The weed became strong and multiplied.

Then there was knowing at school that you weren’t going to be chosen by other students…dreading athletics and sports fixtures. Thankfully, I wasn’t bullied at school. I was clever, and as Māori, the other students treated me as if my success were their own… they still didn’t choose me for games or to be on their teams.

That weed planted at two years old was nurtured and grew over the years, to where I came to expect it. Trying to stand out as the good child, excelling at my education, getting prizes to show ‘hey I am good enough…’ but there was never that celebration. 

The weed was now a forest.

The feelings of exclusion or being set apart followed me into my working life…although that was also combined with being the token Māori, so it became a bit more complicated. Isolated from team decisions or ignored during meetings when I was clearly upset, with one time my leaving the room to cry in the bathroom.
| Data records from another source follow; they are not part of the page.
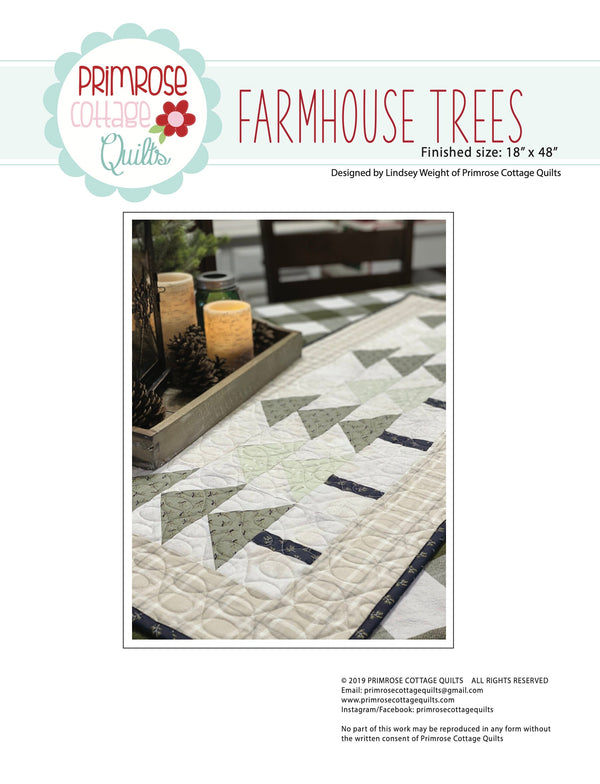 Farmhouse Trees by Lindsey Weight of Primrose Cottage Quilts - Table Runner Pattern PDF Pattern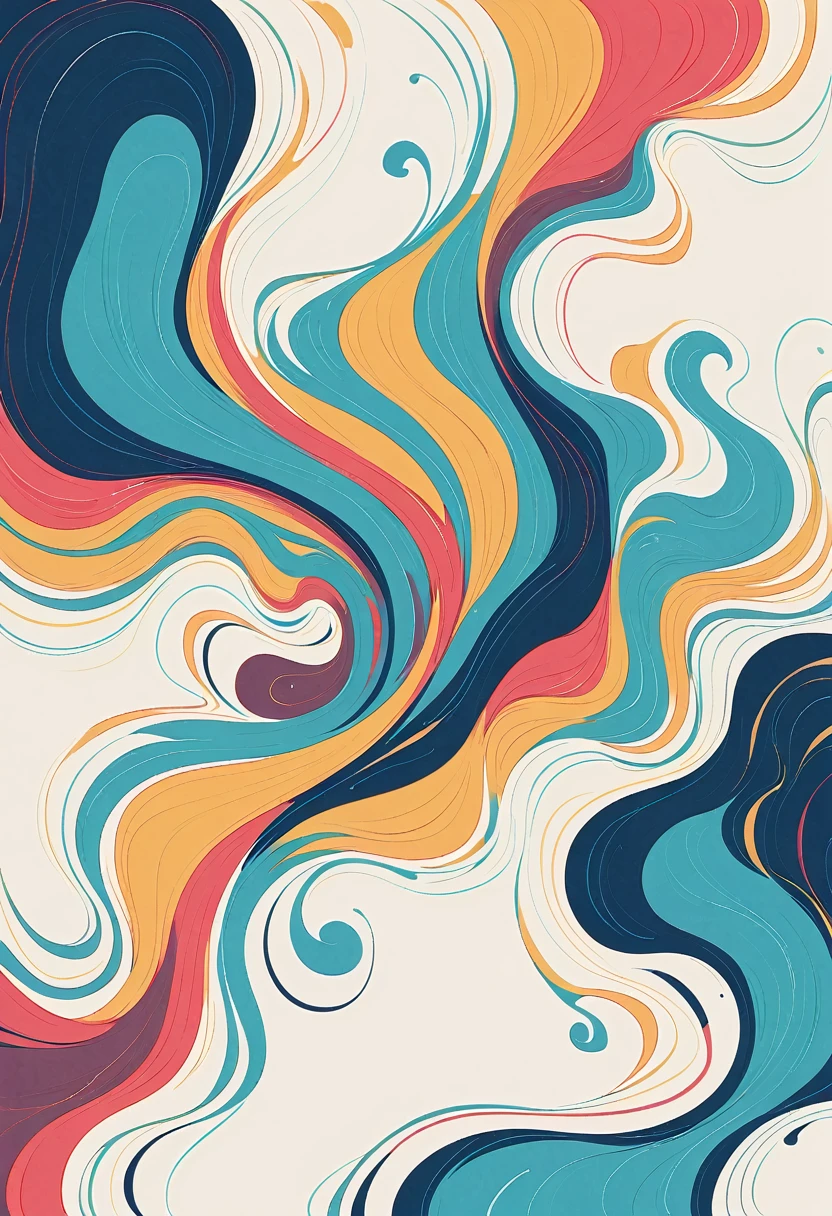 Momoko Sakura style, Simple Line Initialism，Abstract art，Urban Background, No people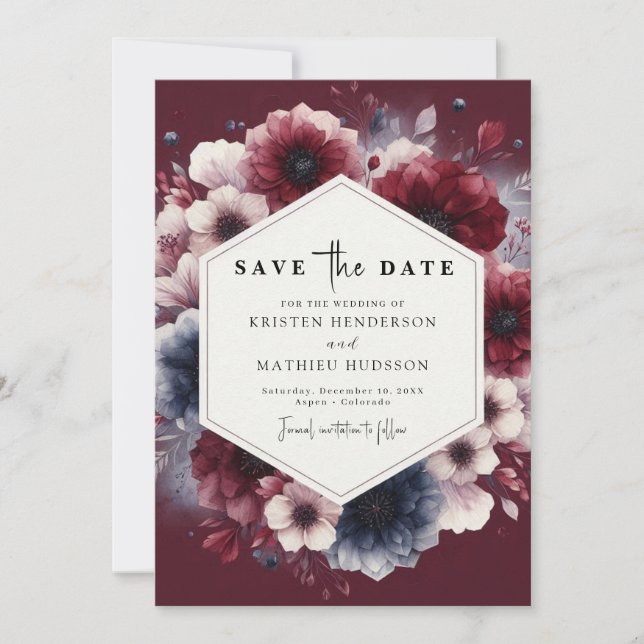 Casual Burgundy Wedding Save The Date (Front)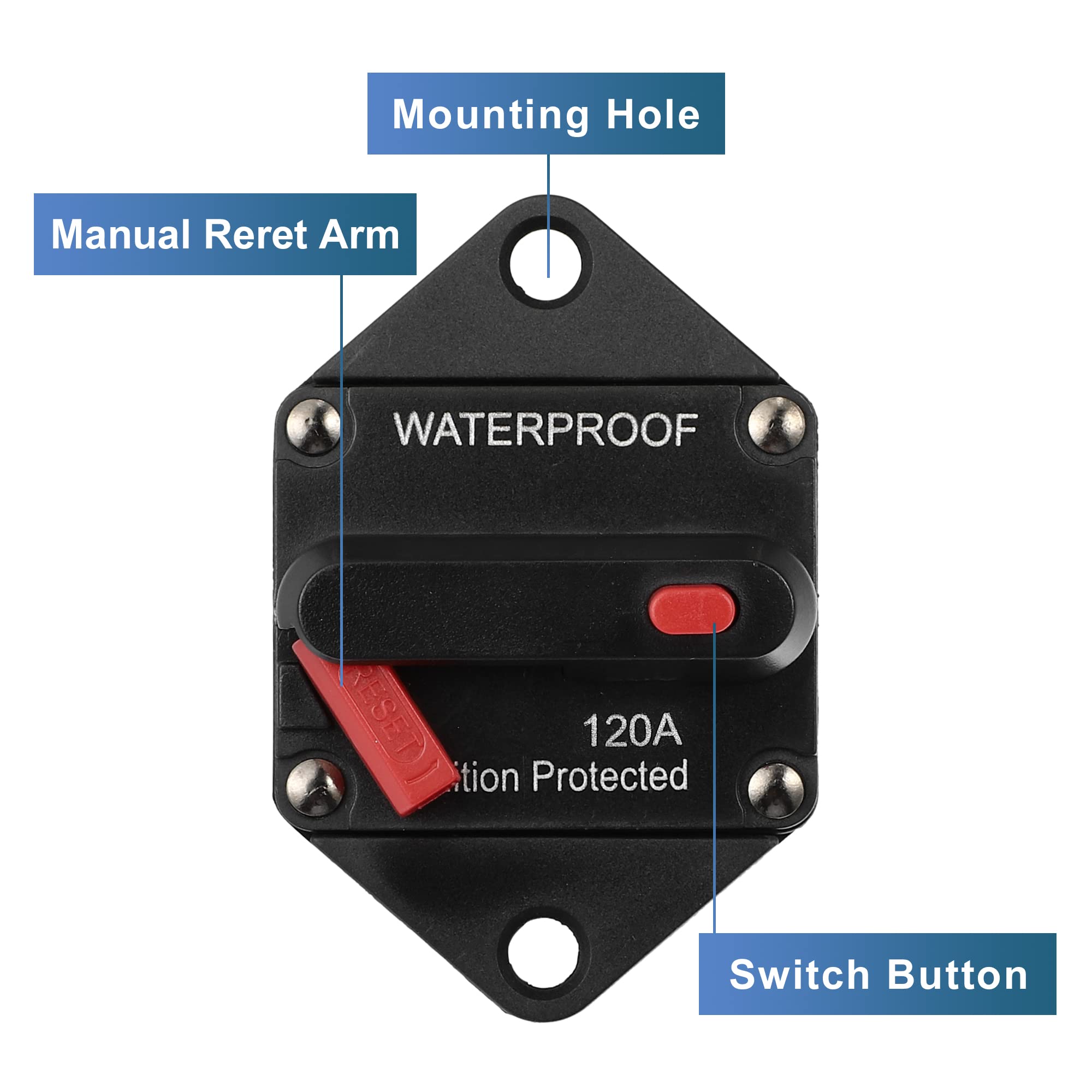 X AUTOHAUX Auto Leistungsschalter 120A Wasserdicht Reset Sicherung 12-48V | 1 Stück, Kunststoff/Zinklegierung Stahl, 7.4x5.5x4.9cm, Überlastschutz, Notausschalter, DC 12-48V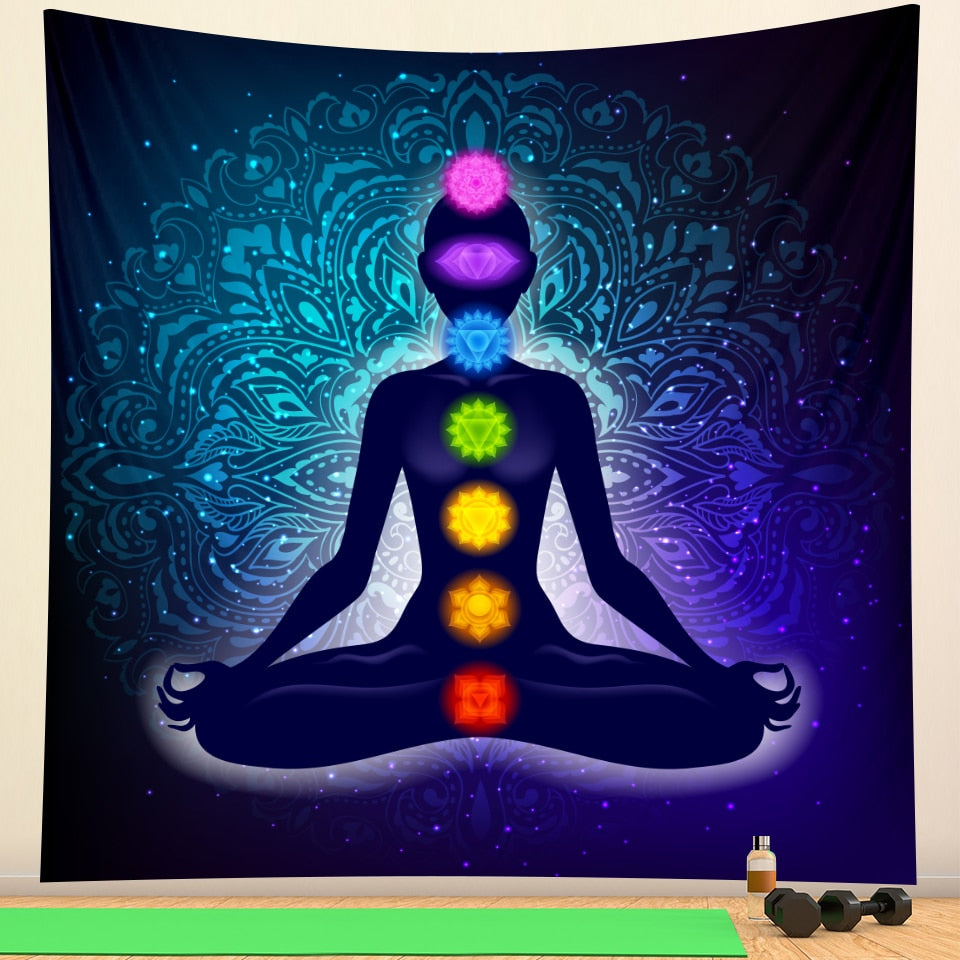 Boho meditation chakra tapestry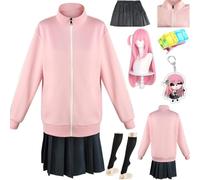 HSZCSMGS Bocchi Therock Cosplay Costume Top Skirt Wig Headdress Set Gotoh Hitori Cosplay Costume Halloween Party (Pink + wig, X-Large)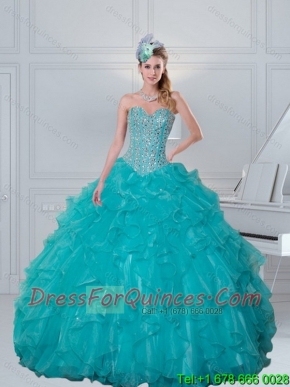 New Styles Sweetheart Beaded 2015 Quinceanera Dresses in Turquoise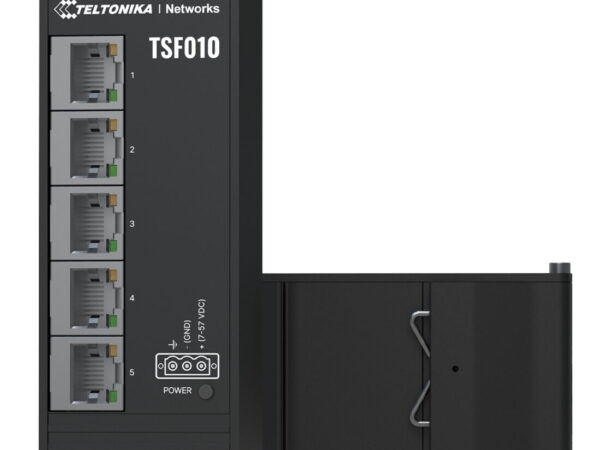 Teltonika NETWORKS TSF010 Flat Ethernet Switch Non gestito Fast Ethernet (10/100) DIN rail Nero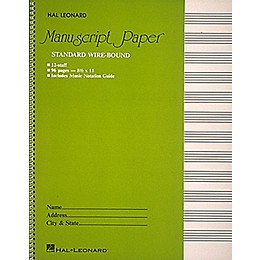 Hal Leonard Manuscript Paper 96 Page Wirebound 12 Staves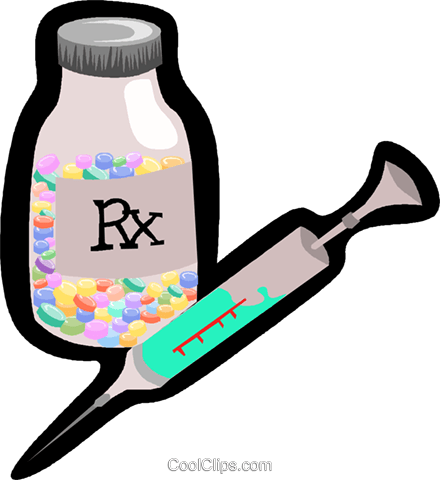 Pill Bottle With Hypodermic Needle Royalty Free Vector - Gif Antibiotics (440x480), Png Download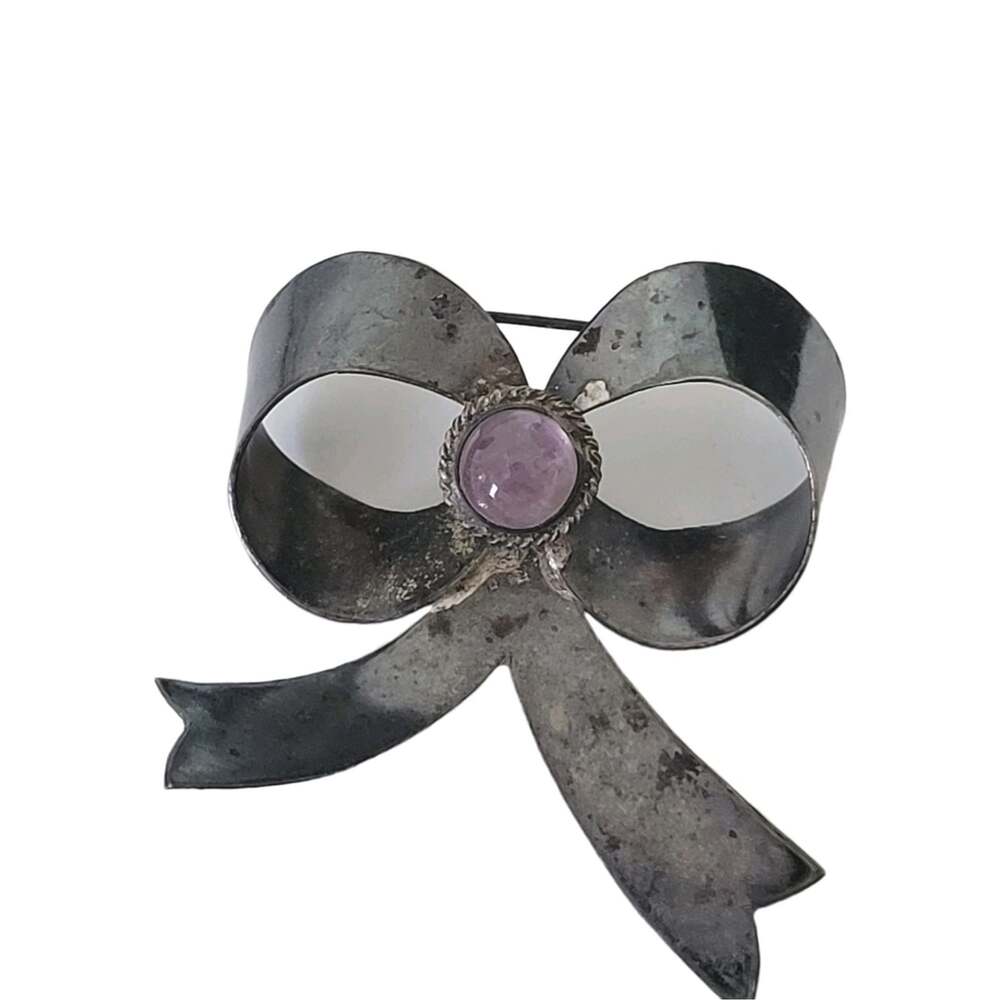 Antique Silver Ribbon Brooch Pin Amethyst Mexico 2.5" X 2.25"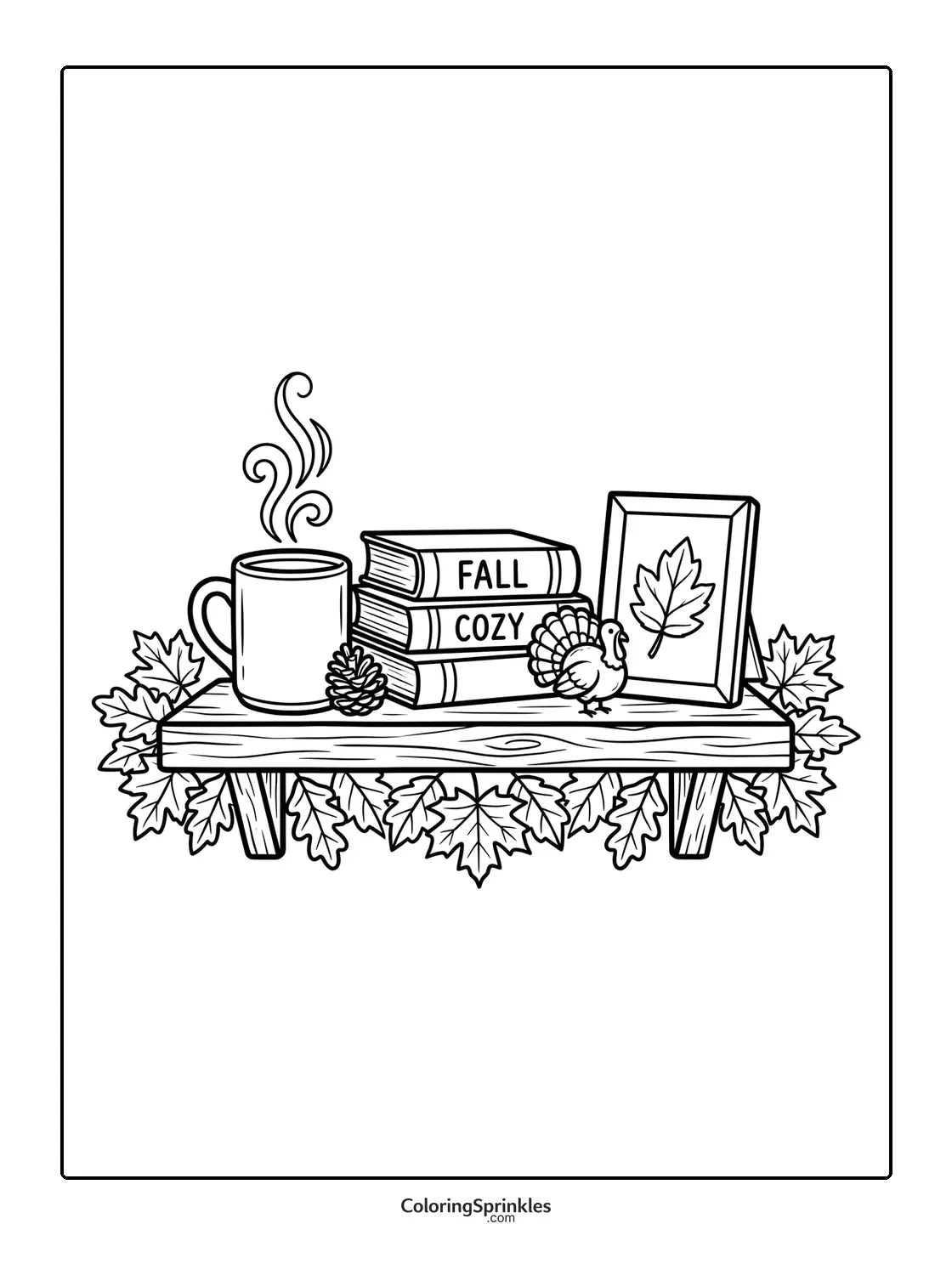 Coloring page of a cozy fall scene with books, a steaming mug, a turkey figurine, and autumn leaves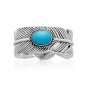 Sterling Silver Bird Feather Blue Turquoise Boho Native American Indian Navajo Eagle Ring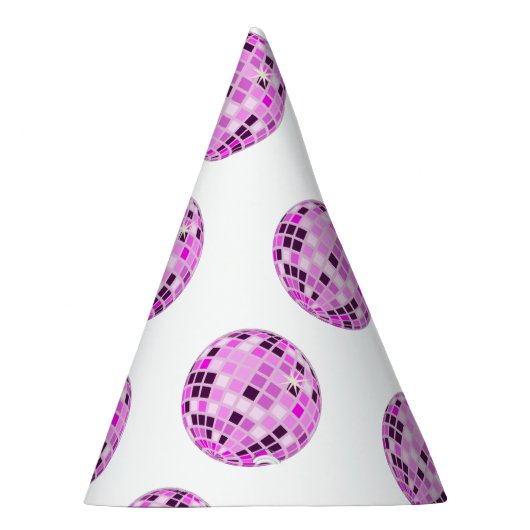 Moderne roze Paarse Disco Ball Tekening White Feesthoedjes (Rechts)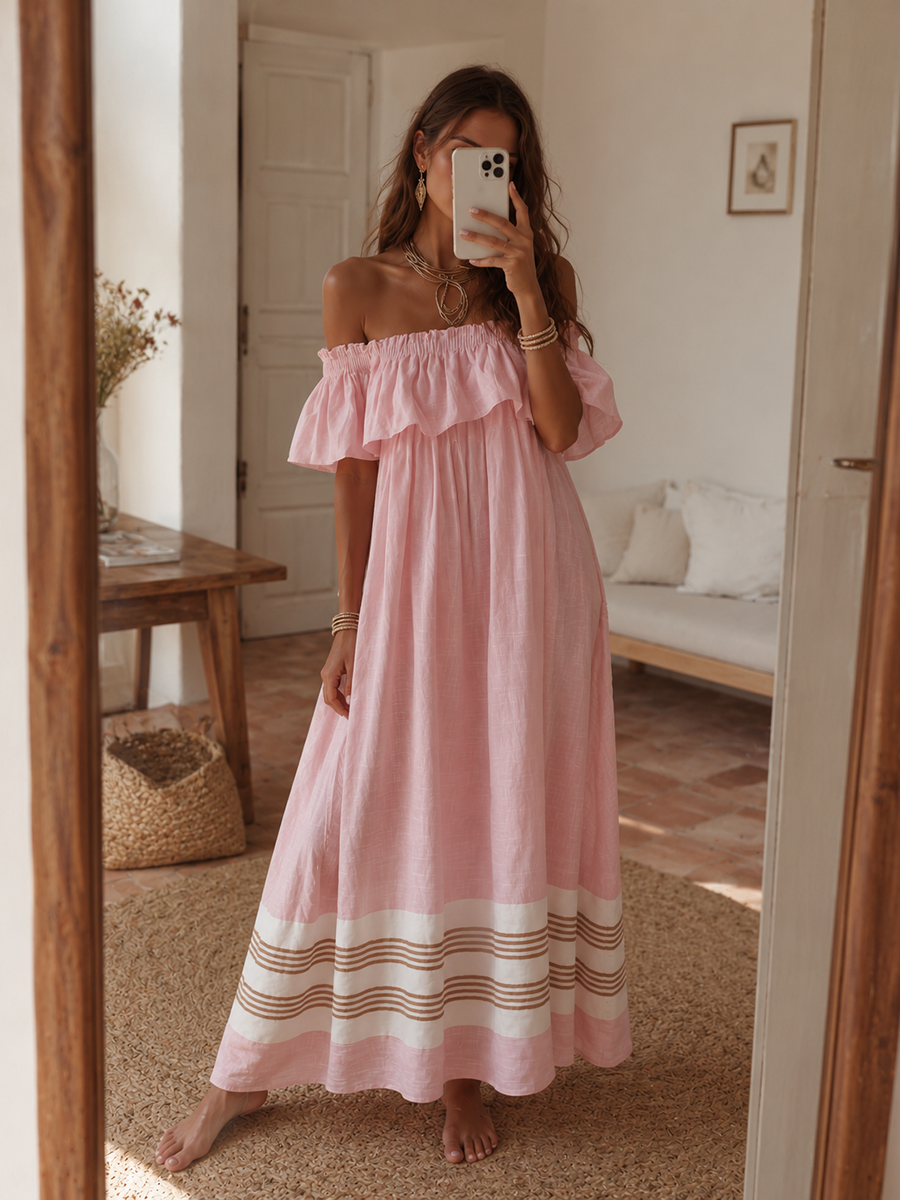 Bohemian Vacation Off-the-shoulder Ruffled Color-blocked Striped Maxi Dress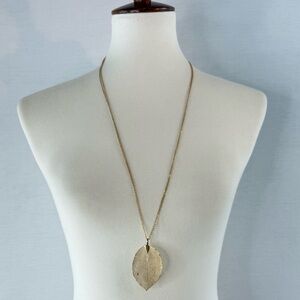 Realistic Gold-Tone Leaf Pendant Necklace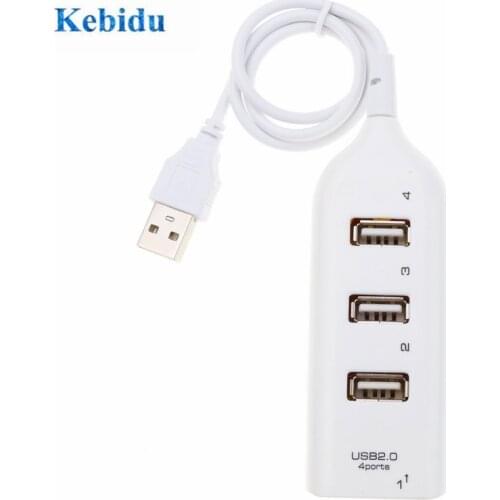 Kebidu Mini 4 Port USB 2.0 HUB with Cable Computer Peripheral High Speed Splitter Adapter 4 Ports for PC Laptop Computer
Not getting that promotion even when you are more qualified than the successful person. Having to reapply for your own job, only to find you have to train the new person, and then hearing later that the new person actually didn’t know anything about your old job. They were put there by the senior manager who needed you gone.

I am still plagued by that anxiety when I have a management one-on-one meeting, as my work history has taught me these sessions are used to discipline or ‘correct’ a behaviour and ‘insert’ a more acceptable one.

Although my life now is one of success and growth…these ‘weeds’ still surface. How can I retrain my brain to think differently…what or how can modern thinking be utilised to ‘pull that weed out’ for good!…cut that forest down and turn the land back into good soil.

Where to from here?

My thinking tells me that – if the ‘weed’ is in my brain, then I need to ‘pull it out’ and replace that belief with one that is ‘true’ and ‘real’.

The principle of – pulling the ‘metaphysical’ into the physical world, bringing the spiritual into Te Ao Marama.

What does that look like?

Also, how far is the concept of Anxiety being a weed, translated to other supposed causes of anxiety?

What does indigenous knowledge offer, and how does this fit Te Poutama o te Ora?